“Hard work beats talent when talent doesn’t work hard.”—Tim Notke
What sets those who succeed apart from others? This was the question researcher Angela Lee Duckworth set out to answer. She spent years studying people in challenging situations, from teachers and students in classrooms to salespeople in private companies, and even cadets at West Point Military Academy. In each situation, she asked, “Who is successful here, and why?” One characteristic stood out above all others: grit.
She defines grit as “passion and perseverance for very long-term goals.” She explains that it’s about seeing the future you want and being dedicated to creating it, “day in, day out, not just for the week, not just for the month, but for years.”
In her research, grit outweighed IQ, family income, demographics, and every other measurable factor she and her team could think of. She explains: “Our data show very clearly that there are many talented individuals who simply do not follow through on their commitments. In fact, in our data, grit is usually unrelated, or even inversely related, to measures of talent.” Consistently working on your goals for a long period of time is your best bet for success.
The good news is that grit is something you can choose to develop and work on; you choose whether or not to work on your novel after your desk job; you choose whether or not to work out when you’re tired; you choose whether to build good habits or indulge bad ones.

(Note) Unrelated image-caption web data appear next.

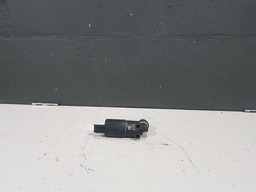 MOTOR BOMBA DAGUA RESERVATORIO ESGUICHO PARA BRISA C8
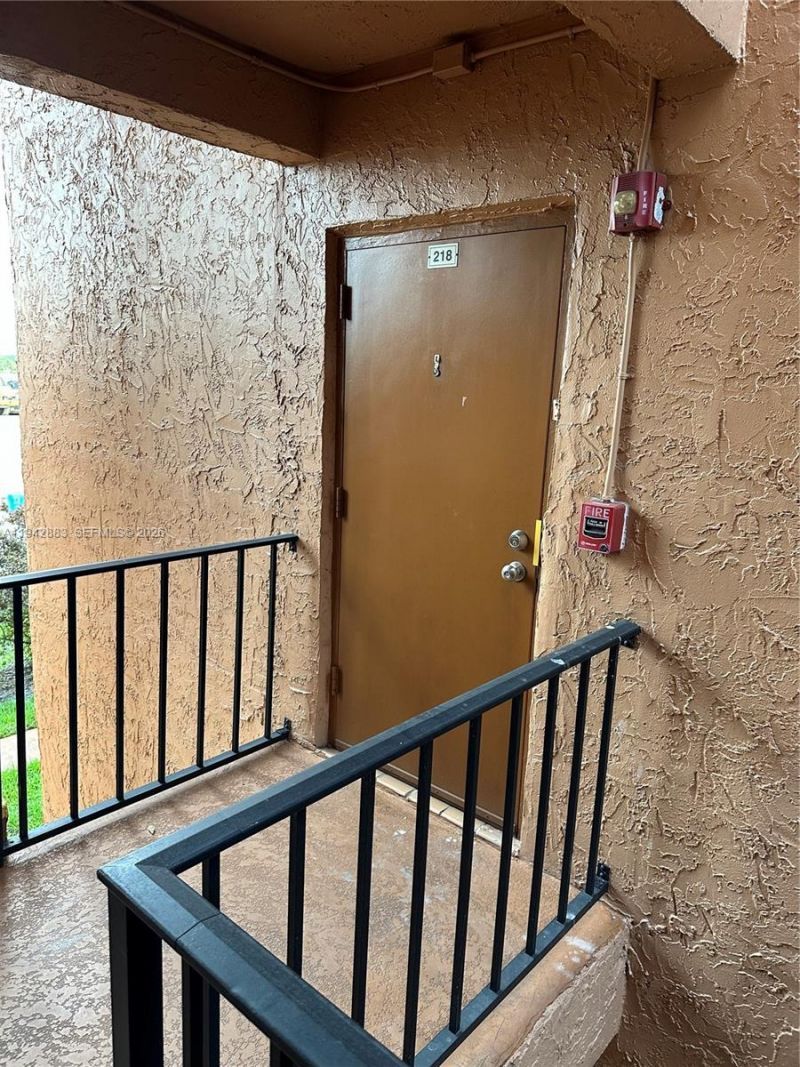 3048 E Sunrise Lakes Dr, Unit 218, Sunrise, FL 33322 Photo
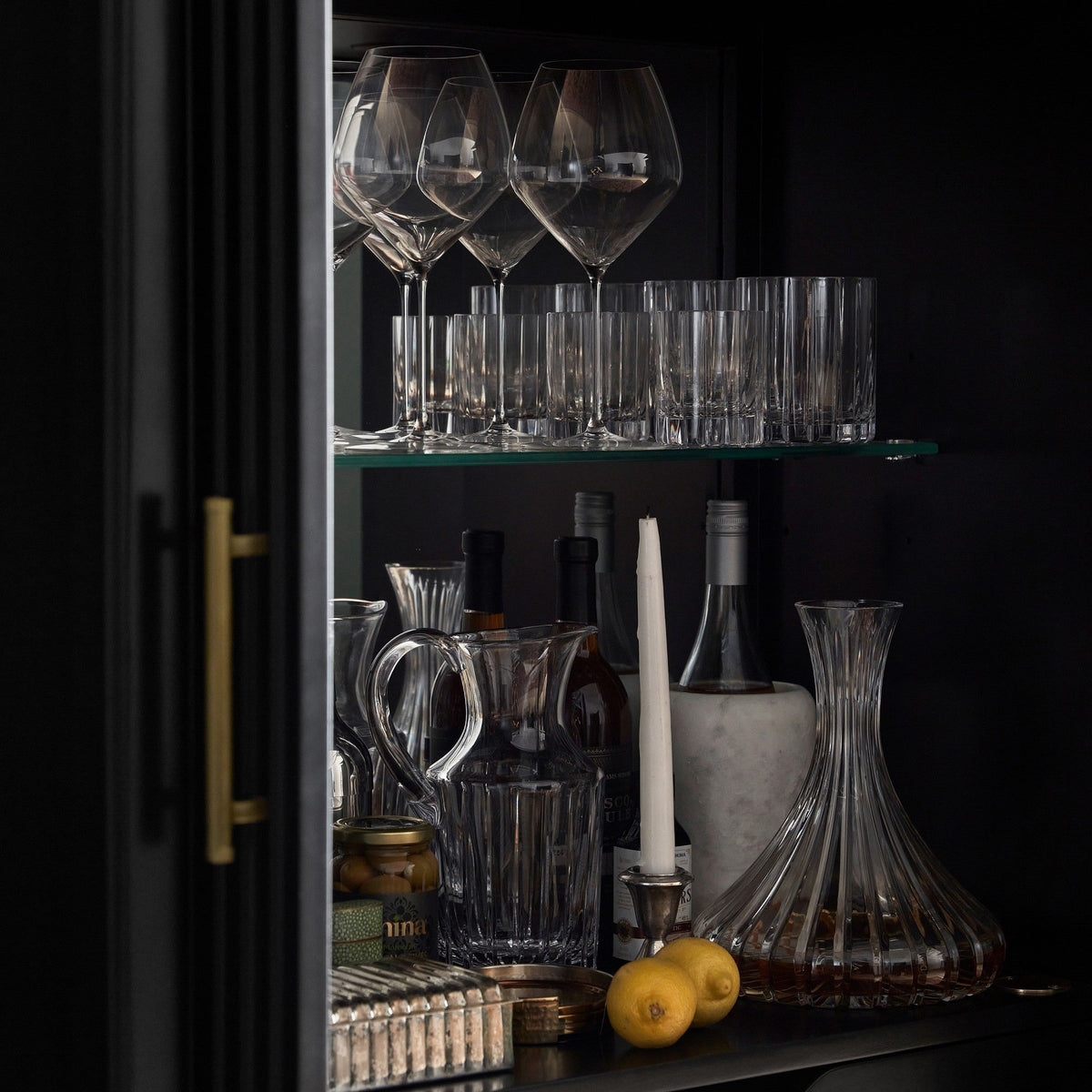 Meuble bar Louis Wood, armoire à vin, buffet d'inspiration constructiviste, porte-verres intégré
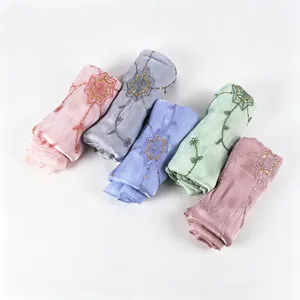 Vista dettagliata di hijab foulard ricamato con paillettes squisite, sciarpe morbide.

The first step to developing grit is grasping that the single most important factor for your success is entirely within your control. That alone is powerful motivation to commit more seriously to your goals and work harder on them.
Duckworth also notes that Carol Dweck’s “growth mindset”—the mindset wherein a person recognizes that his abilities aren’t fixed, but can be improved upon—has positive effects on one’s grit. In other words, recognizing that you can improve your abilities and that your effort is the best predictor of your success, then acting on that knowledge, makes you exponentially more likely to be successful, whatever your endeavor.